### TASK GOAL
The records follow. Copy each one exactly.

### EXTRACTED ENTRIES
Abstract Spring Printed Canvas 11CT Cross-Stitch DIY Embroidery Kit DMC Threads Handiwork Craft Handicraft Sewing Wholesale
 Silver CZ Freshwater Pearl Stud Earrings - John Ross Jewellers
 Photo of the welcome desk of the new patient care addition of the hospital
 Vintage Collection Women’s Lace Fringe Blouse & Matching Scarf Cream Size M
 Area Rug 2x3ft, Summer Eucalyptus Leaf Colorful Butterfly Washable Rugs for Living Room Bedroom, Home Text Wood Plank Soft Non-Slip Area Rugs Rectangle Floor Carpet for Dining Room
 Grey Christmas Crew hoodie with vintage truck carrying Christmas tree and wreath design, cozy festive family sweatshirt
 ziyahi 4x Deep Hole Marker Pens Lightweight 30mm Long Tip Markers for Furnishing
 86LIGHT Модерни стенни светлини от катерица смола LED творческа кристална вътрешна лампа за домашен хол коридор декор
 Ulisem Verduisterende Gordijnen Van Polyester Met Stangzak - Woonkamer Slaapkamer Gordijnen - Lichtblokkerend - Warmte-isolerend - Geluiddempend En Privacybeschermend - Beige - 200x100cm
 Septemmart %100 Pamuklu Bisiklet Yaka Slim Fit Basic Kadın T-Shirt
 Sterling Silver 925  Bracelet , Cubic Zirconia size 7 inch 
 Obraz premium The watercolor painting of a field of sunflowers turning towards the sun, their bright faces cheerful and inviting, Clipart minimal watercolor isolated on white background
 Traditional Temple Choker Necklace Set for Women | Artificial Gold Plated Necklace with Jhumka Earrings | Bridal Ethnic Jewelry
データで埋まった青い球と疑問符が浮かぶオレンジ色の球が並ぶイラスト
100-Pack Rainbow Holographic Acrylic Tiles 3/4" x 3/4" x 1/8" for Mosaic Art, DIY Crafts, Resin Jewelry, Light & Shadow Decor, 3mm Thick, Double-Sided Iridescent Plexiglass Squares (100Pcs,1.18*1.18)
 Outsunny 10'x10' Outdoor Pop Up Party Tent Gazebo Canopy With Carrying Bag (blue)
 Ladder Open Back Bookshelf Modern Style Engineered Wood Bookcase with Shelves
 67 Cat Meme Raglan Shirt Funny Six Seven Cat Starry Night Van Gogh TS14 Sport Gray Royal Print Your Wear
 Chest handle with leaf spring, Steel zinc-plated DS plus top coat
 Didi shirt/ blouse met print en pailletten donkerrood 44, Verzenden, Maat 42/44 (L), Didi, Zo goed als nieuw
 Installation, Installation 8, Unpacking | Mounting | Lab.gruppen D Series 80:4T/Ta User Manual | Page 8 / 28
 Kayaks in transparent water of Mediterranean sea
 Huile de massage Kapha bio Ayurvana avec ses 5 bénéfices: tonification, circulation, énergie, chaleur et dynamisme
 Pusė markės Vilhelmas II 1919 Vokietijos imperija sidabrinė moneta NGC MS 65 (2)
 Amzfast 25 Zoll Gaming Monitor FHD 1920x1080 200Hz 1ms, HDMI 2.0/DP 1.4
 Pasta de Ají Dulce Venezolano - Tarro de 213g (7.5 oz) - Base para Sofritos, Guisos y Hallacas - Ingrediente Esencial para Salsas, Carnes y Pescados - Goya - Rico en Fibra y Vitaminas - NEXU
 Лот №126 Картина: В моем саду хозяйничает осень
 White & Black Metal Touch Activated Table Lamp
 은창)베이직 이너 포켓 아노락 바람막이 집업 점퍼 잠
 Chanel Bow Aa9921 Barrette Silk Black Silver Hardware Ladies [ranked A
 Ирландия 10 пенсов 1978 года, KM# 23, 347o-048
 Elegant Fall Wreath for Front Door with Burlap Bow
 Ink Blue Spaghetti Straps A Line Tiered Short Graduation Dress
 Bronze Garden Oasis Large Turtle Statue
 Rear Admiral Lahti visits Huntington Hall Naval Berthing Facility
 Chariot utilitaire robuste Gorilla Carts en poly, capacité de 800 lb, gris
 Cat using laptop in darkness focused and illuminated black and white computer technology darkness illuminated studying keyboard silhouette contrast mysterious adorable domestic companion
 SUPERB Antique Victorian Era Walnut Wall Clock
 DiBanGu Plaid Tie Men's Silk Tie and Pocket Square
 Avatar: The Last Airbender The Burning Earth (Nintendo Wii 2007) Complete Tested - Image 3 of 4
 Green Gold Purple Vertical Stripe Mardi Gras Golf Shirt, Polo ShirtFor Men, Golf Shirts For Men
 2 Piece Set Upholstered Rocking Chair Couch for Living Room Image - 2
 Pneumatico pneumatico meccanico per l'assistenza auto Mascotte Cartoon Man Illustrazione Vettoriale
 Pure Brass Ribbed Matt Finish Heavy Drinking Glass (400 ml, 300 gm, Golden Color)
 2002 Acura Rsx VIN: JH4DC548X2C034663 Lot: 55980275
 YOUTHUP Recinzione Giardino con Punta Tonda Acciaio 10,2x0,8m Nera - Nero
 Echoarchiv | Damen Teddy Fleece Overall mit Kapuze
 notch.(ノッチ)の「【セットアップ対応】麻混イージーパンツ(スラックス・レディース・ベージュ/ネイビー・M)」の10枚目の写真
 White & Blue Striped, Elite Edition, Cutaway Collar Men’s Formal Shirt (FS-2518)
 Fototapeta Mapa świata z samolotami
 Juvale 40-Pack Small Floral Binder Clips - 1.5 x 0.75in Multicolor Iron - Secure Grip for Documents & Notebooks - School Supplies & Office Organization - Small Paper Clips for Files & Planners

### RESPONSE AREA
Abstract Spring Printed Canvas 11CT Cross-Stitch DIY Embroidery Kit DMC Threads Handiwork Craft Handicraft Sewing Wholesale
 Silver CZ Freshwater Pearl Stud Earrings - John Ross Jewellers
 Photo of the welcome desk of the new patient care addition of the hospital
 Vintage Collection Women’s Lace Fringe Blouse & Matching Scarf Cream Size M
 Area Rug 2x3ft, Summer Eucalyptus Leaf Colorful Butterfly Washable Rugs for Living Room Bedroom, Home Text Wood Plank Soft Non-Slip Area Rugs Rectangle Floor Carpet for Dining Room
 Grey Christmas Crew hoodie with vintage truck carrying Christmas tree and wreath design, cozy festive family sweatshirt
 ziyahi 4x Deep Hole Marker Pens Lightweight 30mm Long Tip Markers for Furnishing
 86LIGHT Модерни стенни светлини от катерица смола LED творческа кристална вътрешна лампа за домашен хол коридор декор
 Ulisem Verduisterende Gordijnen Van Polyester Met Stangzak - Woonkamer Slaapkamer Gordijnen - Lichtblokkerend - Warmte-isolerend - Geluiddempend En Privacybeschermend - Beige - 200x100cm
 Septemmart %100 Pamuklu Bisiklet Yaka Slim Fit Basic Kadın T-Shirt
 Sterling Silver 925  Bracelet , Cubic Zirconia size 7 inch 
 Obraz premium The watercolor painting of a field of sunflowers turning towards the sun, their bright faces cheerful and inviting, Clipart minimal watercolor isolated on white background
 Traditional Temple Choker Necklace Set for Women | Artificial Gold Plated Necklace with Jhumka Earrings | Bridal Ethnic Jewelry
データで埋まった青い球と疑問符が浮かぶオレンジ色の球が並ぶイラスト
100-Pack Rainbow Holographic Acrylic Tiles 3/4" x 3/4" x 1/8" for Mosaic Art, DIY Crafts, Resin Jewelry, Light & Shadow Decor, 3mm Thick, Double-Sided Iridescent Plexiglass Squares (100Pcs,1.18*1.18)
 Outsunny 10'x10' Outdoor Pop Up Party Tent Gazebo Canopy With Carrying Bag (blue)
 Ladder Open Back Bookshelf Modern Style Engineered Wood Bookcase with Shelves
 67 Cat Meme Raglan Shirt Funny Six Seven Cat Starry Night Van Gogh TS14 Sport Gray Royal Print Your Wear
 Chest handle with leaf spring, Steel zinc-plated DS plus top coat
 Didi shirt/ blouse met print en pailletten donkerrood 44, Verzenden, Maat 42/44 (L), Didi, Zo goed als nieuw
 Installation, Installation 8, Unpacking | Mounting | Lab.gruppen D Series 80:4T/Ta User Manual | Page 8 / 28
 Kayaks in transparent water of Mediterranean sea
 Huile de massage Kapha bio Ayurvana avec ses 5 bénéfices: tonification, circulation, énergie, chaleur et dynamisme
 Pusė markės Vilhelmas II 1919 Vokietijos imperija sidabrinė moneta NGC MS 65 (2)
 Amzfast 25 Zoll Gaming Monitor FHD 1920x1080 200Hz 1ms, HDMI 2.0/DP 1.4
 Pasta de Ají Dulce Venezolano - Tarro de 213g (7.5 oz) - Base para Sofritos, Guisos y Hallacas - Ingrediente Esencial para Salsas, Carnes y Pescados - Goya - Rico en Fibra y Vitaminas - NEXU
 Лот №126 Картина: В моем саду хозяйничает осень
 White & Black Metal Touch Activated Table Lamp
 은창)베이직 이너 포켓 아노락 바람막이 집업 점퍼 잠
 Chanel Bow Aa9921 Barrette Silk Black Silver Hardware Ladies [ranked A
 Ирландия 10 пенсов 1978 года, KM# 23, 347o-048
 Elegant Fall Wreath for Front Door with Burlap Bow
 Ink Blue Spaghetti Straps A Line Tiered Short Graduation Dress
 Bronze Garden Oasis Large Turtle Statue
 Rear Admiral Lahti visits Huntington Hall Naval Berthing Facility
 Chariot utilitaire robuste Gorilla Carts en poly, capacité de 800 lb, gris
 Cat using laptop in darkness focused and illuminated black and white computer technology darkness illuminated studying keyboard silhouette contrast mysterious adorable domestic companion
 SUPERB Antique Victorian Era Walnut Wall Clock
 DiBanGu Plaid Tie Men's Silk Tie and Pocket Square
 Avatar: The Last Airbender The Burning Earth (Nintendo Wii 2007) Complete Tested - Image 3 of 4
 Green Gold Purple Vertical Stripe Mardi Gras Golf Shirt, Polo ShirtFor Men, Golf Shirts For Men
 2 Piece Set Upholstered Rocking Chair Couch for Living Room Image - 2
 Pneumatico pneumatico meccanico per l'assistenza auto Mascotte Cartoon Man Illustrazione Vettoriale
 Pure Brass Ribbed Matt Finish Heavy Drinking Glass (400 ml, 300 gm, Golden Color)
 2002 Acura Rsx VIN: JH4DC548X2C034663 Lot: 55980275
 YOUTHUP Recinzione Giardino con Punta Tonda Acciaio 10,2x0,8m Nera - Nero
 Echoarchiv | Damen Teddy Fleece Overall mit Kapuze
 notch.(ノッチ)の「【セットアップ対応】麻混イージーパンツ(スラックス・レディース・ベージュ/ネイビー・M)」の10枚目の写真
 White & Blue Striped, Elite Edition, Cutaway Collar Men’s Formal Shirt (FS-2518)
 Fototapeta Mapa świata z samolotami
 Juvale 40-Pack Small Floral Binder Clips - 1.5 x 0.75in Multicolor Iron - Secure Grip for Documents & Notebooks - School Supplies & Office Organization - Small Paper Clips for Files & Planners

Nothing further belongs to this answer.